» Problem details
What you write must be the lines from the one holding "26 Inches Graet" through the final line of the records below, reproduced exactly, minus the pictures.

Records: Begin

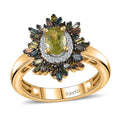 Premium Sava Sphene and Multi Diamond Ring in Vermeil Yellow Gold Over Sterling Silver (Size 10.0) 0.90 ctw - Sticky add to cart bar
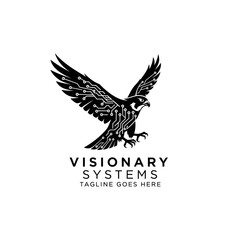 Naklejka premium High-tech branding for software, IT systems, or tech startups combining natural speed with digital innovation and intelligence.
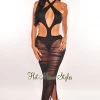 Dexire Black Halter Tie Up Cut Out Mesh Ruched Dress Just In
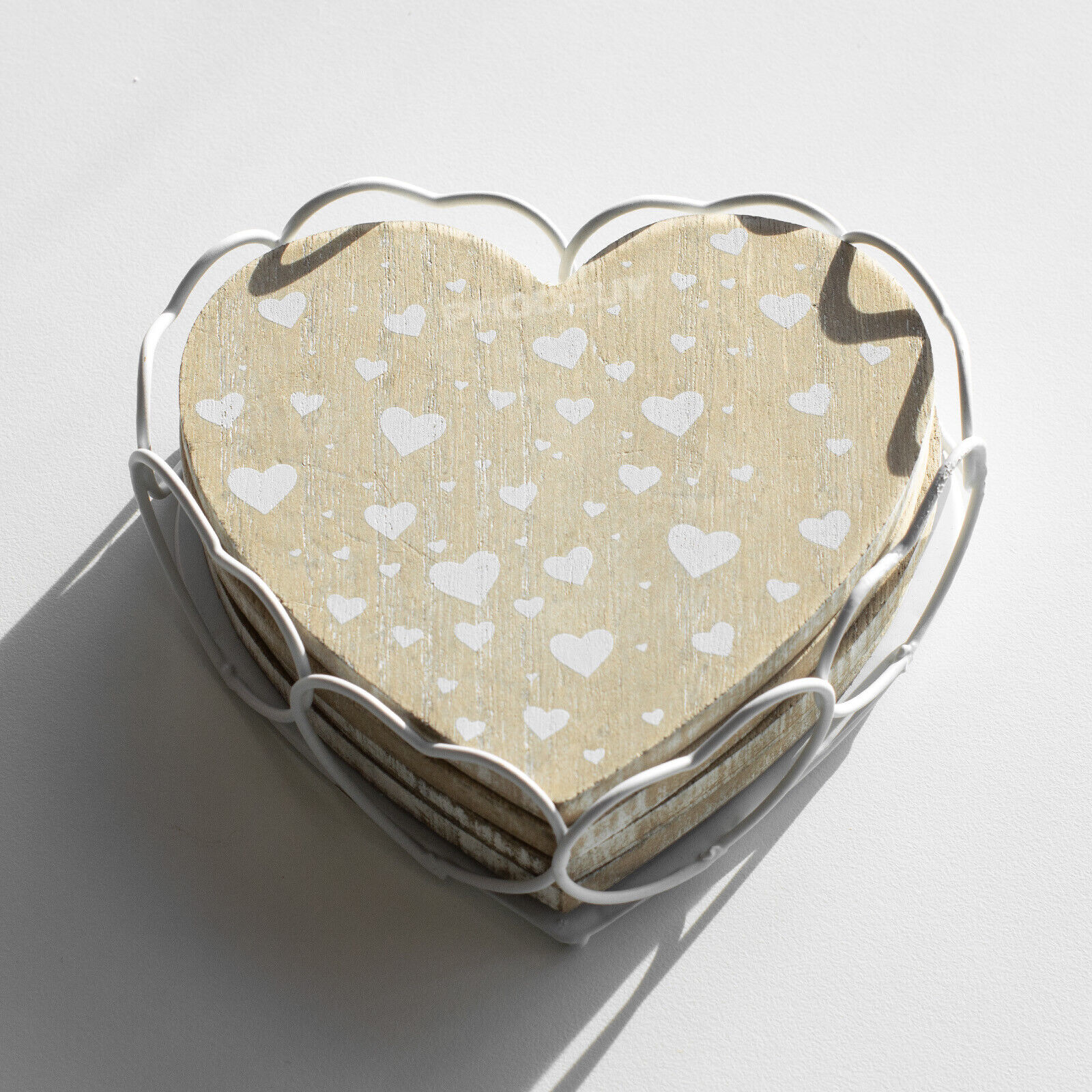 Set of 4 Heart Shape Wooden Drinks Coasters with Holder Coffee Mug...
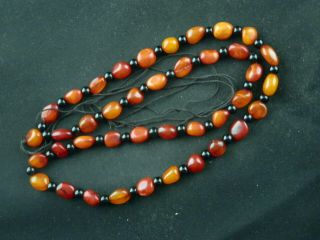 26 Inches Graet Chinese Old Jade Beads Prayer Necklace Q150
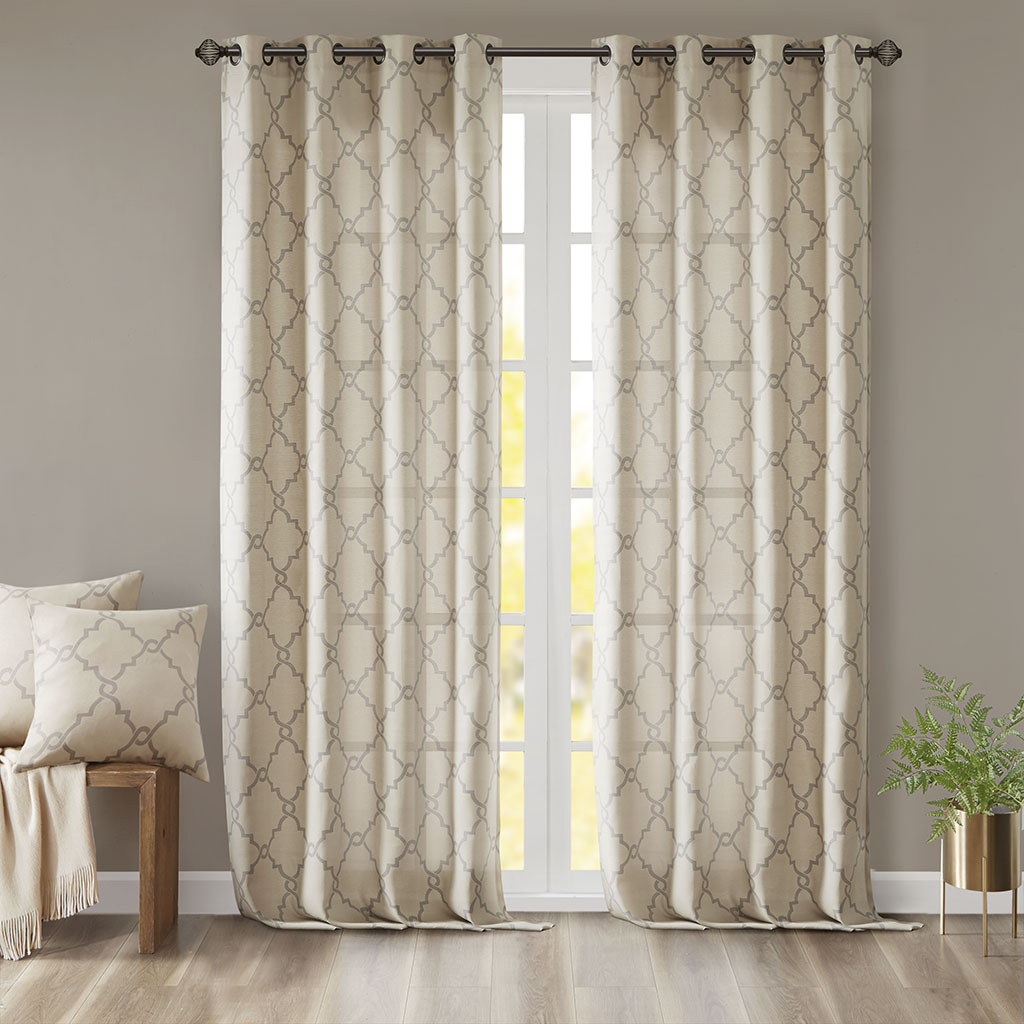 Fretwork Print Grommet Top Window Curtain Panel Only 1 Pc Panel_voghion.com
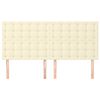 vidaXL Kopfteil Creme 200x5x118/128 cm Kunstleder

Records: End

» Result of the exercise
 26 Inches Graet Chinese Old Jade Beads Prayer Necklace Q150
 Fretwork Print Grommet Top Window Curtain Panel Only 1 Pc Panel_voghion.com
 vidaXL Kopfteil Creme 200x5x118/128 cm Kunstleder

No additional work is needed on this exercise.